### Provided data
************
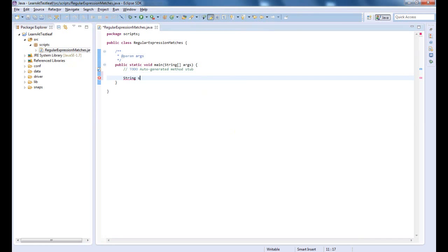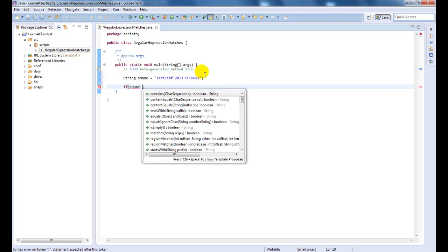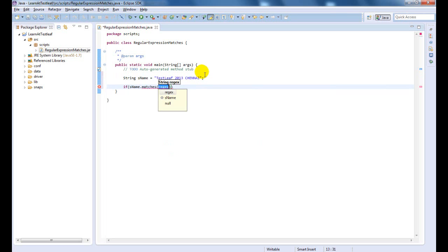Let us assign a value for a string variable. Now, we will use the matches method to verify the value using a regular expression.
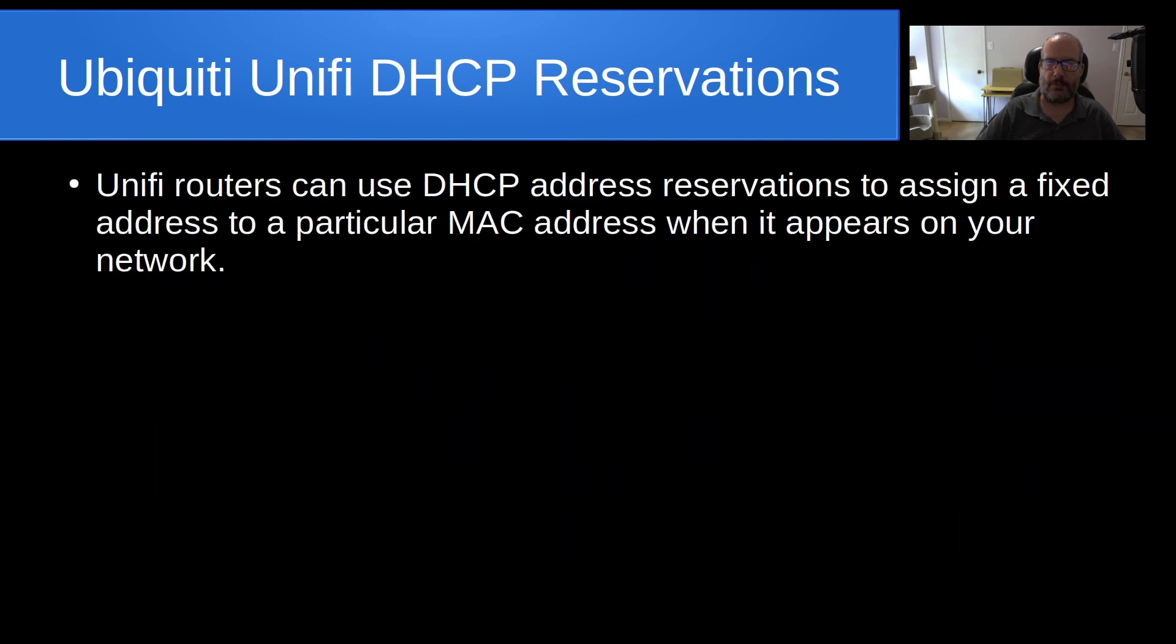Welcome back to the ScottAByte channel. This is Scott. Today I want to talk about Ubiquiti UniFi DHCP address reservations. UniFi routers can use DHCP address reservations to assign a fixed address to a particular MAC address when it appears on your network.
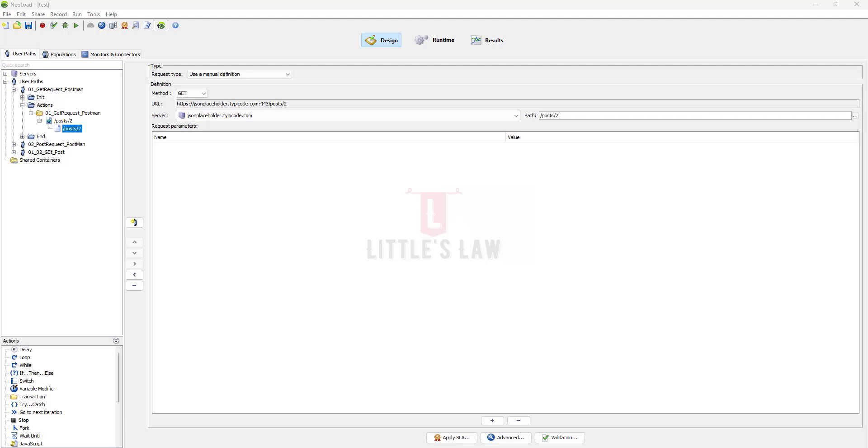Hi hello, welcome back to another episode on Little's Law YouTube channel. It's been a long time since we posted a video on NeoLoad. Recently I posted a video on how to convert your Postman script to NeoLoad.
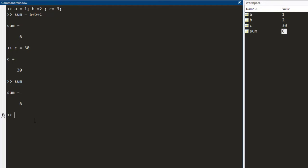In order to update the value, I need to write the sum command again, press enter and now the sum gets updated.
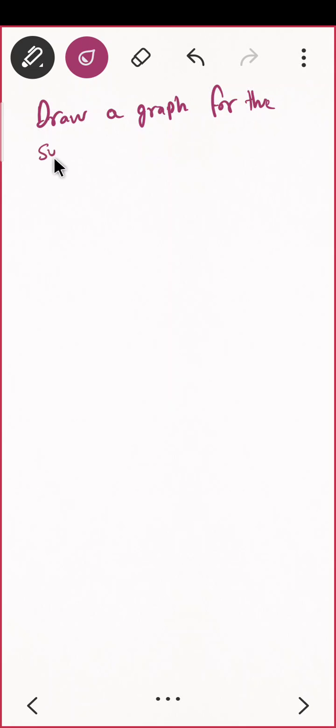Let me do a different problem. The question is: draw a graph for the system and mark the feasible region, if it exists.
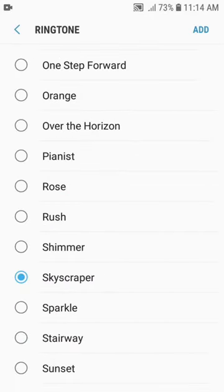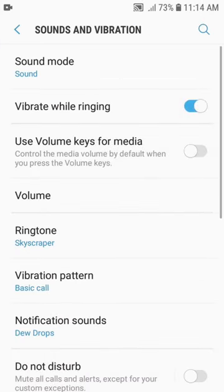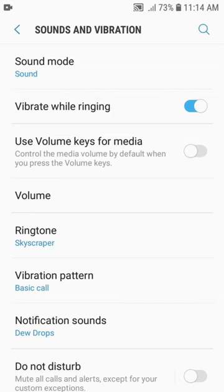Number 6: Once you've chosen the ringtone sound you like, just click on the go back key and your selected ringtone sound will be saved. You can now see that skyscraper has been saved as my ringtone because I chose that sound.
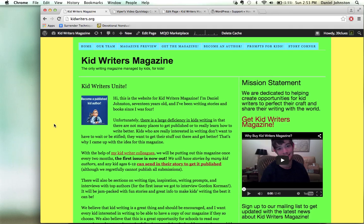Hi, this is Daniel Johnston from TechKidHelp101.com, and in this video I'm going to show you how you can float a video next to text in WordPress. It's pretty easy.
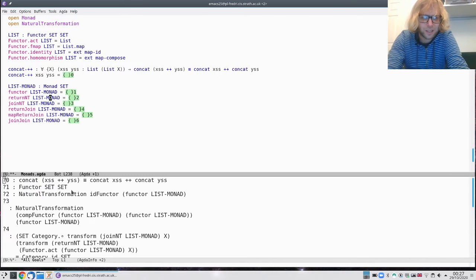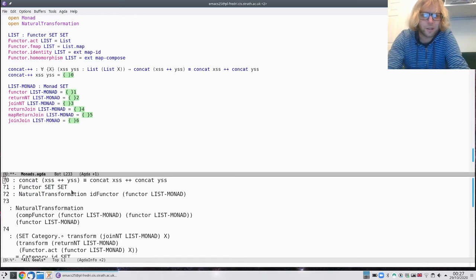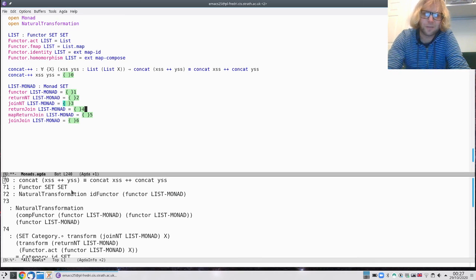That means you have to give the return and the join and also prove these laws. This fact about concatenating two lists and concatenating a list of lists could be useful for proving at least one of the laws. Good luck!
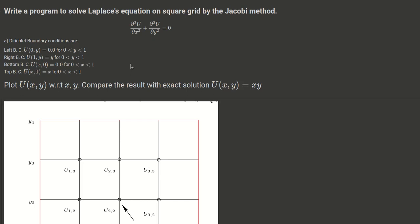In this segment, we will study how to implement Laplace's equation in two dimensions using Python. We will use the Jacobi method, which we have already discussed in the previous lecture.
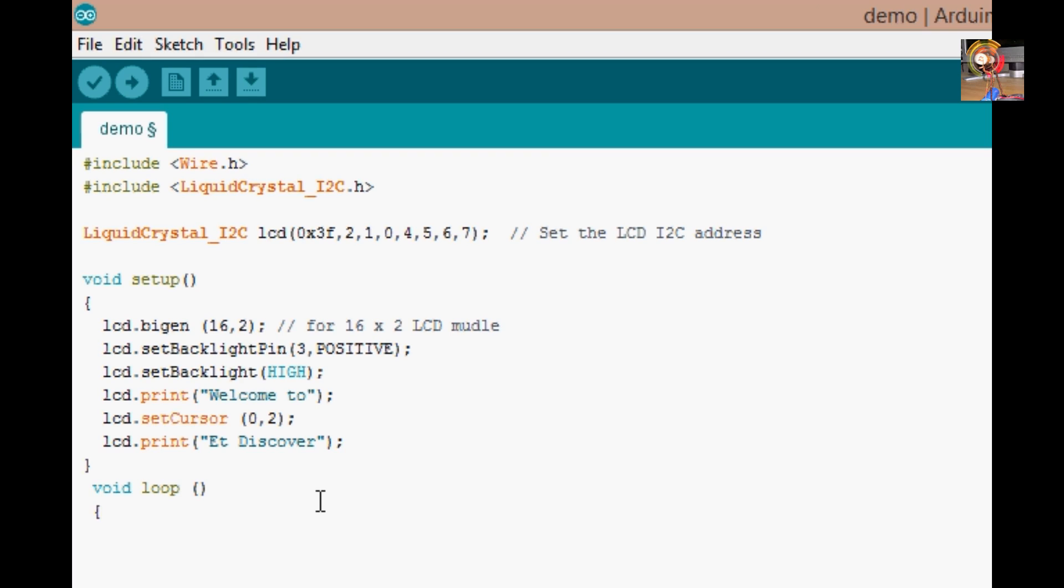Now I set the command for showing the prints on the LCD. You can type anything you want to print on the LCD. Then I set the cursor as 0 column and second row. It defines from where the print will appear on the display. I type the same for the second line. Now I upload the code.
************
### Work required
Print the data above exactly, from its first line to the line bearing "Welcome back to the" inclusive, and keep pictures out of the result.

### Task answer
Let us assign a value for a string variable. Now, we will use the matches method to verify the value using a regular expression.
Welcome back to the ScottAByte channel. This is Scott. Today I want to talk about Ubiquiti UniFi DHCP address reservations. UniFi routers can use DHCP address reservations to assign a fixed address to a particular MAC address when it appears on your network.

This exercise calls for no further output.